A 2ª ré pediu a intervenção acessória provocada das sociedades E e Sociedade F, o que foi deferido, tendo contestado a primeira das chamadas.
Os autores replicaram.
O processo seguiu os seus trâmites e feito o julgamento, foi proferida sentença em que se julgou a acção improcedente.
Apelaram os autores, tendo-lhes sido concedido parcialmente a apelação, sendo a ré D condenada a pagar-lhes a quantia de 2.700.000$00
Recorre, agora, esta ré, a qual, nas suas alegações de recurso, apresenta, em síntese, as seguintes conclusões:

1. A recorrente subempreitou nas chamadas a realização da obra, pelo que não foi ela quem materialmente executou os trabalhos, nomeadamente as detonações.

2. Assim, não estando o subempreiteiro sujeito a quaisquer ordens ou instruções do empreiteiro, sendo que a faculdade de fiscalizar a obra integra um direito, não um dever de vigilância, não existe entre eles quaisquer relações de comitente /comissário.

3. Donde é de concluir pela exclusão da responsabilidade da recorrente, nos termos do artº 500º do C. Civil.

4. Por outro lado, a autonomia existente na actividade do subempreiteiro, tal como indicado em 2, implica que, não havendo um dever de vigilância por parte do empreiteiro, não pode a recorrente ser responsabilizada ao abrigo do disposto no artº 493º nº 1 do C. Civil.

5. Os autores sempre alegaram no sentido de que a responsabilidade da ré D existia face ao disposto no artº 500º do C. Civil, sendo que a sentença de 1ª instância também só equacionou essa possibilidade e que a defesa da ré recorrente teve sempre por base esse preceito.

6. O acórdão recorrido, ao decidir com base noutro preceito, o artº 493º nº 1, colocou uma questão nova que as partes não tiveram a oportunidade de discutir, violando-se assim o princípio do contraditório consagrado no artº 3º nº 3 do C. P. C.
7. Nem se diga que se trata duma simples rectificação da qualificação jurídica, porque está em causa uma norma diversa geradora de efeitos substancialmente diferentes dos da norma precedentemente considerada, pelo que sempre ter+á de ser tida como uma nova questão de direito.

8. Termos em que a violação do princípio do contraditório, por não tendo sido dada às partes a oportunidade de discutir a referida questão nova, implica irregularidade processual, que, por poder influir na decisão da causa, acarreta uma nulidade, conforme os artºs 3º nº 3 e 201º nº 1 do C. P. Civil.

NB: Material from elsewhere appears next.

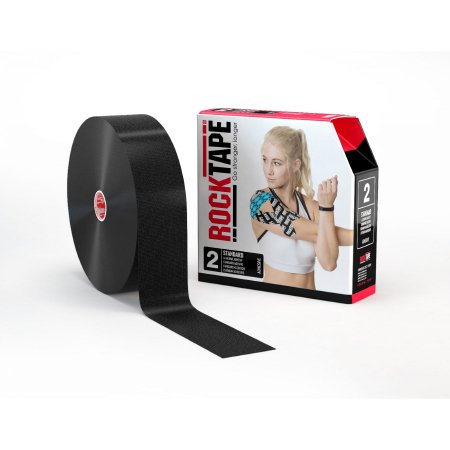 Rock Tape - Kinesiology Tape Water Resistant Cotton / Nylon 2 Inch X 35 Yard Black NonSterile - 081678903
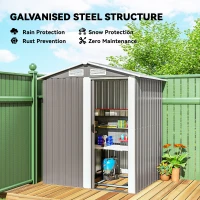 Outsunny Garden Metal Tool Storage Shed with Sliding Door, Sloped Roof and Foundation Kit, 152 x 132 x 188cm, Grey(m-4)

9. As instâncias consideraram que não tinha sido ilidida a presunção de culpa do artº 493º nº 2 do C. P. Civil., quando é certo que, tendo ficado provado que haviam sido respeitadas todas as normas técnicas exigíveis, deveriam ter considerado que as rés e as chamadas mostraram que empregaram todas as providências exigidas pelas circunstâncias com o fim de prevenir o dano.

Corridos os vistos legais, cumpre decidir.

II
Nos termos do artº 713º nº 6 do C. P. Civil, consigna-se a matéria de facto dada por assente pelas instâncias remetendo para o que consta de fls. 952 a 961.

III
Apreciando

1. Da ilisão da presunção de culpa

Face à matéria provada, as instâncias consideraram que não havia sido ilidida a presunção de culpa do artº 493º do C. Civil.
Pretende a recorrente que de tal matéria havia de se concluir precisamente em sentido inverso.
Trata-se dum problema de fixação dos factos através de conclusão, que, como vem sendo jurisprudência constante deste Supremo, escapa ao seu conhecimento, por constituir julgamento da matéria de facto, que depende da convicção do julgador e, por isso insindicável em sede de revista - cf. os artºs 729º nº 2 e 722º nº 2 do C. P. Civil - . Mesmo antes de existir a norma do nº 6 do artº 712º do C. P. Civil, que veda o recurso para o STJ das decisões de direito ou de facto do Tribunal da Relação sobre a fixação dos factos, já assim era entendido.
Assim, o modo como as instâncias consideraram a questão é, agora, um dado adquirido nos autos.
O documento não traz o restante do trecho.